Here are the only solutions I found:
1) having TDA's bypass caps discharge into signal supply when powering down. That is, inserting a diode between PWVs and Vs. In order to keep PWVs <= Vs, it means inserting another diode between bypass caps and TDA. It's the solution described in TDA7293 datasheet. The 2 diodes between power supply bypass caps and TDA must support TDA max current (~6.5A). Moreover, the couple of diodes may add "high frequency" noise, and distorsion: power diode switched on/off when TDA working in class B, and power diode I/V characteristic is not linear but logarithmic.
2) same idea, but using FETs driven by amplifier state instead of junction diodes. Costly, similar nois/distorsion issues (Rds on does non negligible when operating at high power in class B), may require additional heat sinking.
3) adding a discharge circuit to discharge bypass caps when amplifier is switched off. For a 5 channels amplifier with 80mF on the power supply side vs 1.5mF on the signal supply side, it means more than 30W to dissipate for 30 seconds! And any fault in the discharge circuit means that all TDAs will burn out
4) having a regulated power supply controlled by amplifier state, only small bypass caps near the TDA, and a resistor bypassing these small bypass caps .
I don't like solutions 1) and 2). I don't have space and heatsinking left for solution 3), which is a bit risky IMHO.

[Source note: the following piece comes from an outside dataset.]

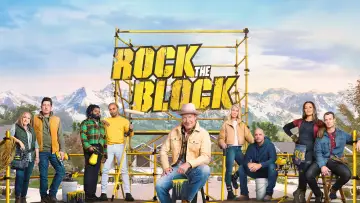 Backdrop for the TV series "Rock the Block" #1601027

Solution 4) does not fit well my 5 channels amplifier: path from supply to TDAs is too long (30 cms) for small bypass caps, IMHO. And it would imply a complete re-design of my supply.
My WAF and I think that I spent already too much time on these PSU issues, so I leave it, and go for single supply.
(single, but regulated )
The datasheet indicates than -Vs is connected to the metal tab, which indicates that the substrate who sets the reference potential for the chip is -Vs. If the chip experiences a potential lower than -Vs, then the substrate will be reverse-biaised and be damaged!
- the above double-supply issue stays the same even if TDA is on stand-by
- seems like mute/stand-by pins act almost directly on transconductance stage. They are suceptible to noise picking, and should be referenced to signal ground!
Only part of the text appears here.